Omnichannel engagement is the way forward and organizations need to dig deeper into customer digital behavior. Can a system understand whether a consumer is digital by need or digital by choice? Or can it understand which actions a customer prefers to take online versus which actions they prefer to take through live engagement?

  1. Seller knowledge and expertise: Sales teams have a high turnover rate. According to HubSpot, at a hefty 35%, it is almost three times higher than that of other industries. This translates into a high rate of knowledge loss and best actions every time a salesperson leaves a team.

    In 2001 British Airways implemented its Customer Data Warehouse (CDW), codenamed “Ocean Wave”. It took more than two years for the analytics teams to use the information for campaigns and reporting, primarily due to the complexity, time, and effort required for contractors to train system users on how to access and use the data.

    To avoid a similar situation and lengthy implementation delays, sales teams need a system that captures best practices as lessons and transfers them to newer team members to enable:

    1. A fast onboarding process and shared access to the established knowledge pool;
    2. Seamless customer journeys.
  1. Transparency and ease of process: Most CRM users update their systems erratically, resulting in inaccurate, incomplete, or unreliable data. To create a seamless experience and transparency for customers, a CRM must include complete visibility into customer information, playbooks that suggest the next best actions, drive sales teams to take the right next steps, and complete visibility into team activities for sales team managers.
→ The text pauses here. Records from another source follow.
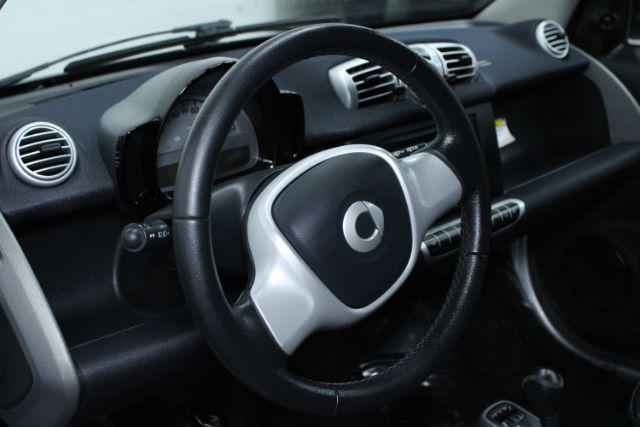 used 2015 smart ForTwo car, priced at $8,990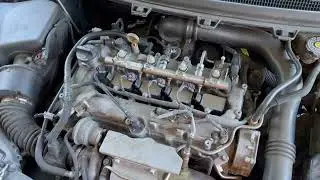 2017 Chevrolet Cruze tune up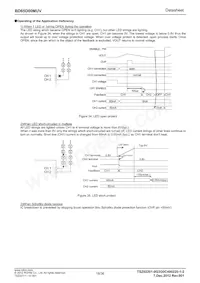 BD65D00MUV-E2 Datasheet Pagina 18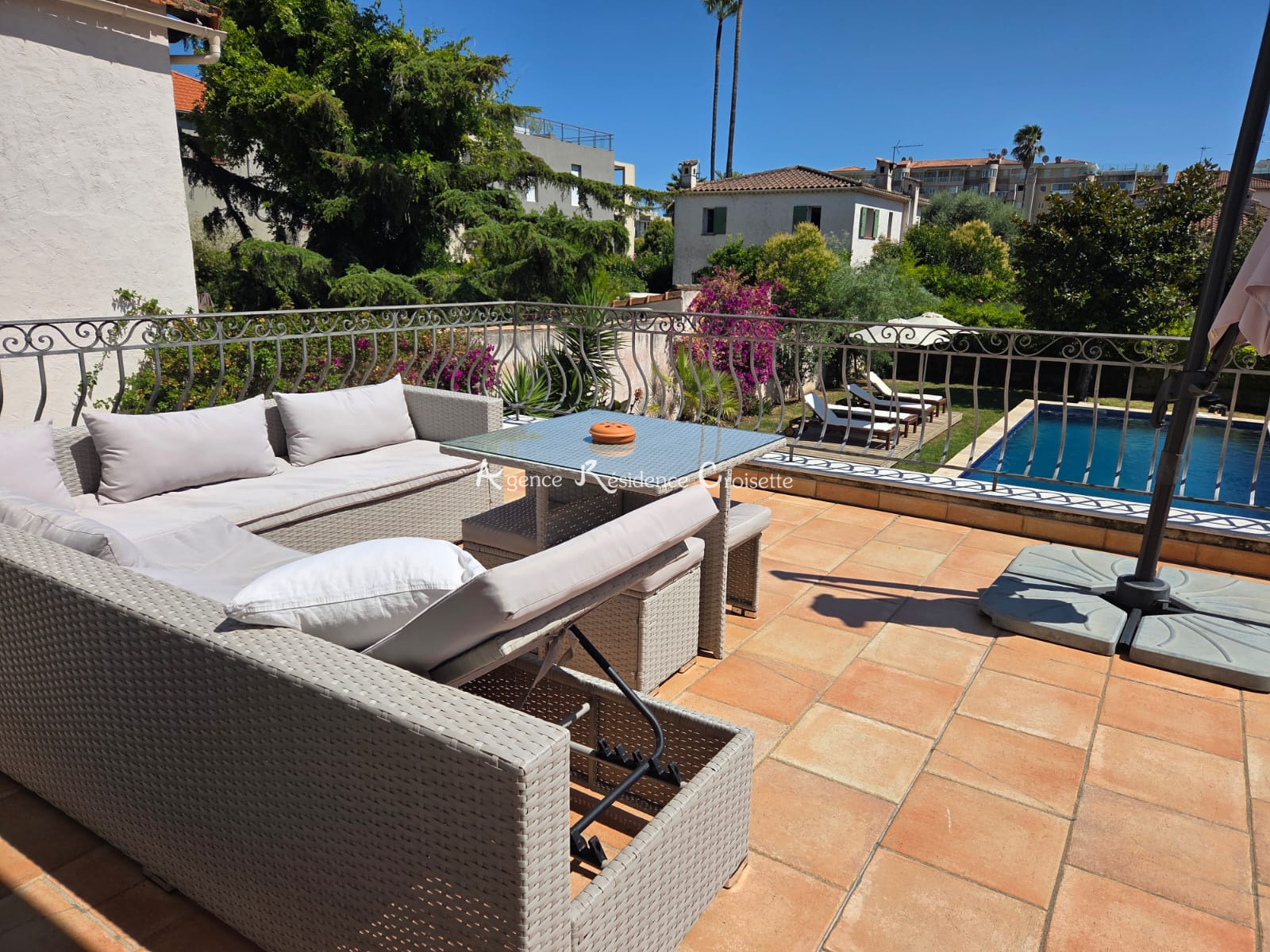 Image_4, House, Vallauris,
                                ref :733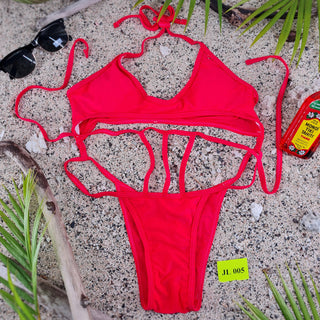 MAILLOT 2 PCS FEMME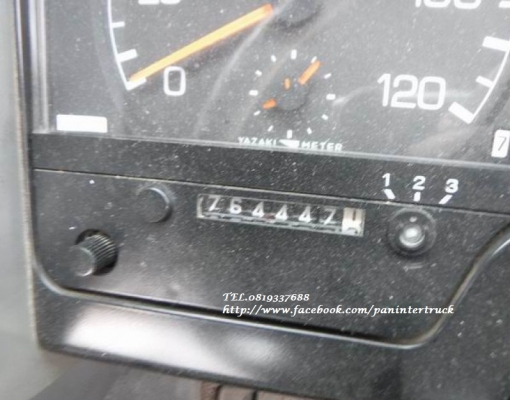 Shock SALE !!FROM JAPANหัวเก๋งรถบรรทุก 10ล้อ -10ล้อหัวลาก  /CABIN MITSUBISHI FUSO (FV419J คล้าย527 แต่กว้างกว่า)(เป็นหัวกว้าง(หัวนอก)มีแค๊ป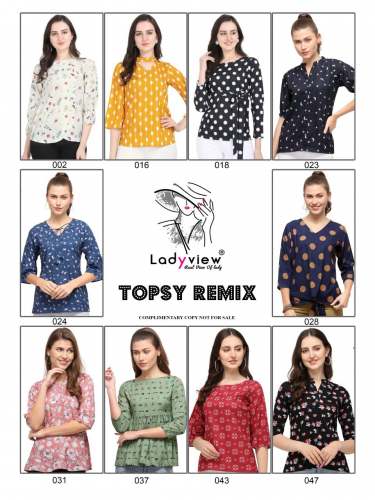 tops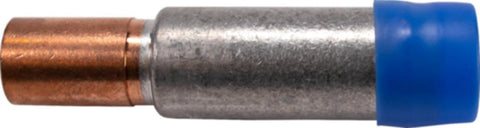 Overgangshylse Melbye Skandinavia Al/Cu AKS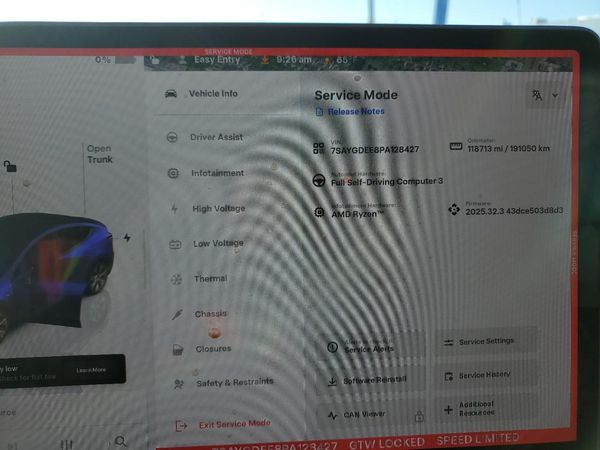 2023 TESLA MODEL Y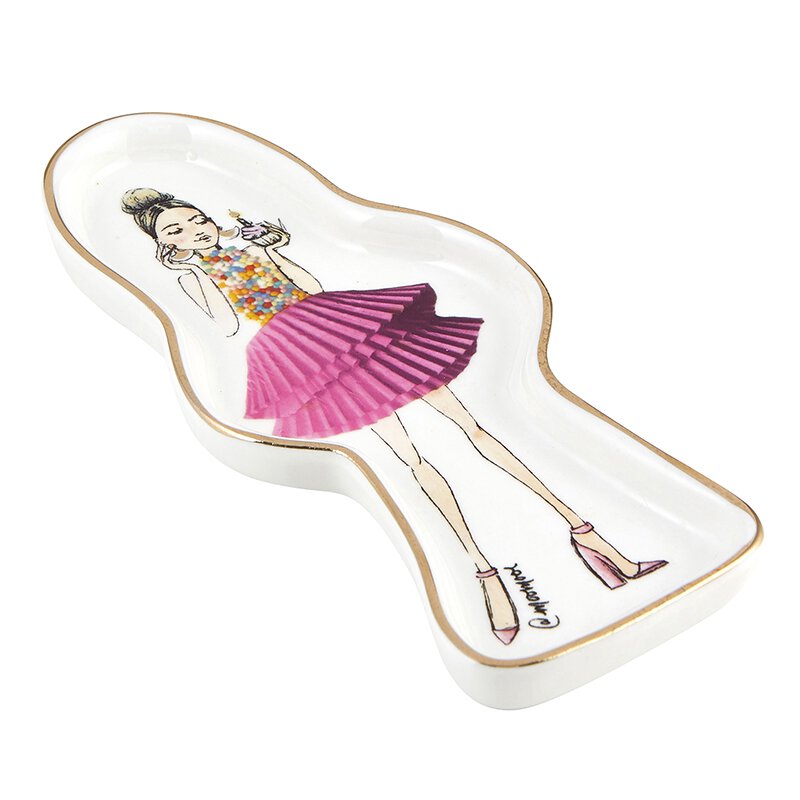 Trinket Tray - Birthday Girl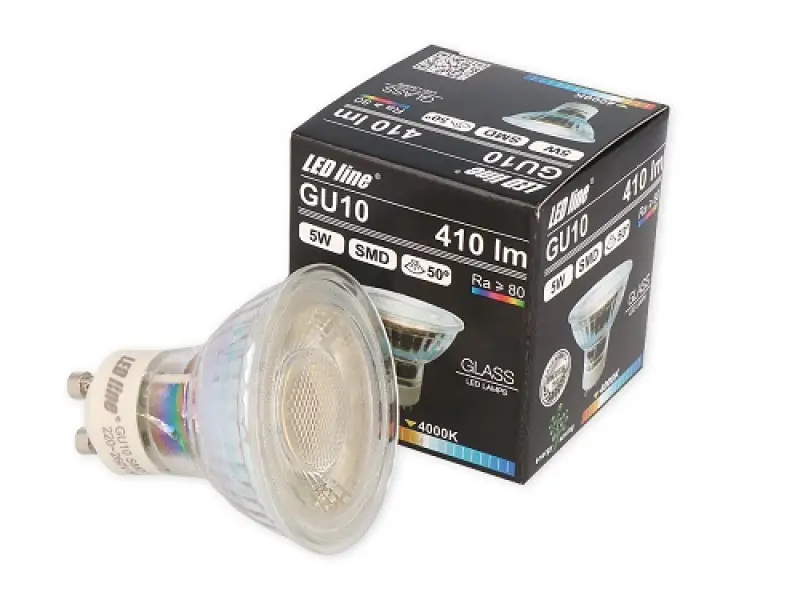 Tona expert LED prozektors GU10 230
But how often are CRM systems updated immediately after a sales order?

The need: a system of insight

A mobile and intelligent layer on top of a CRM system can convert a passive registration system into a contextual insight system. Real-time data, artificial intelligence, and machine learning capabilities help turn a CRM into a recommendation system that helps sales teams close more cases faster and improve the overall customer experience. The following features — in addition to robust CRM data — can improve engagement and customer experience by leaps and bounds:

  • Automatic activity capture: A feature like auto-capture removes the biggest barrier to a CRM: manually entering data. Capturing in-depth data can be simplified through features such as automatic call and meeting detection, one-touch call sentiment, and note-taking.
  • Identification and Emulation of Winning Behavior: If intelligent platforms can identify winning behaviors based on this extensive data collection, the identified behaviors can then float to the surface as nudges for teams to emulate. For example, suggesting an ideal number of touchpoints, tiering and prioritization, as well as personalization.
  • nudges: Once the system can identify winning behaviors, it should be able to use these lessons to drive teams as they sell and interact with customers. This gives sales teams very specific guidance through different phases of engagement with a prospect or lead. Examples are:
    • When is the best time for a second interview?
    • Customer A’s service request has been resolved by the service team, start the following steps.
    • Customer B’s renewal is in 30 days. Start the extension.
    • Tina from your team has a meeting with platinum customer C in an hour. Would you like to schedule a coaching conversation?
    • Customer D is similar to Customer B and this pricing strategy worked best for them before…
    • New lead M is a mile away from your next meeting. Want to schedule an appointment on the go?

The possibilities! If the terabytes of CRM data can be mined into such nuggets of information for sales and customer service teams, it really empowers them and paves the way for outstanding performance and a superior customer experience.

Venkat Malladi is co-founder and CTO of Vymo.